- ARK Investment Management sold its position in ProShares Bitcoin ETF to buy shares of its own ARK 21Shares Bitcoin ETF, aiming to quickly gain scale and assets under management in the crowded Bitcoin ETF marketplace.
- Last December, ARK exited its Grayscale Bitcoin Trust position and temporarily put the funds in ProShares Bitcoin ETF while awaiting SEC approval of spot Bitcoin ETFs.
- With the SEC approving 11 spot Bitcoin ETFs at once, first-mover advantage is eliminated, so asset scale and inclusion in model portfolios will likely determine winners.
Redirecting Funds to ARKB
ARK Investment Management’s ARK Next Generation Internet ETF (ARKW) sold off $16 million of its position in the ProShares Bitcoin ETF (BITO) on Tuesday. The funds were used to purchase 365,427 shares of ARK’s own 21 Shares Bitcoin ETF (ARKB), now making up 1% of ARKW’s total holdings.
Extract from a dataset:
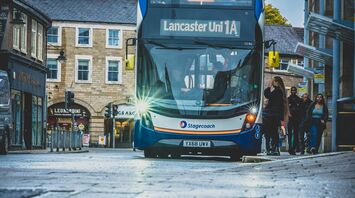 Double-decker Stagecoach bus on a wet city street with reflections in a puddle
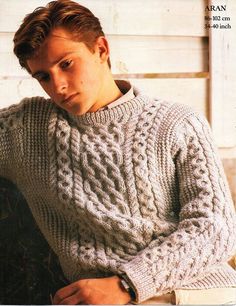 a young man wearing a cabled sweater sitting on a bench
Gaining Scale Crucial in Crowded Market
With the SEC approving 11 spot Bitcoin ETFs simultaneously last week, first-mover advantage is out the window. Gaining scale has become vital, as many financial advisors and platforms have minimum asset requirements for inclusion. Buying up shares of its own ETF allows ARK to quickly gain assets under management.
Exiting GBTC Position Previously
Last December, ARK Invest sold out of its position in the Grayscale Bitcoin Trust (GBTC) ahead of its conversion to a spot Bitcoin ETF. It put nearly $100 million of the proceeds into the ProShares Bitcoin ETF (BITO) while awaiting SEC approval of spot ETFs. This move was intended to be temporary, providing secure Bitcoin exposure while approvals were still pending.
Allocating funds from ARKW to rapidly scale up ARKB positions ARK Investment Management to compete in the crowded Bitcoin ETF marketplace. As the simultaneous approval of multiple funds negates any first-mover advantage, asset scale and inclusion in model portfolios will likely determine winners.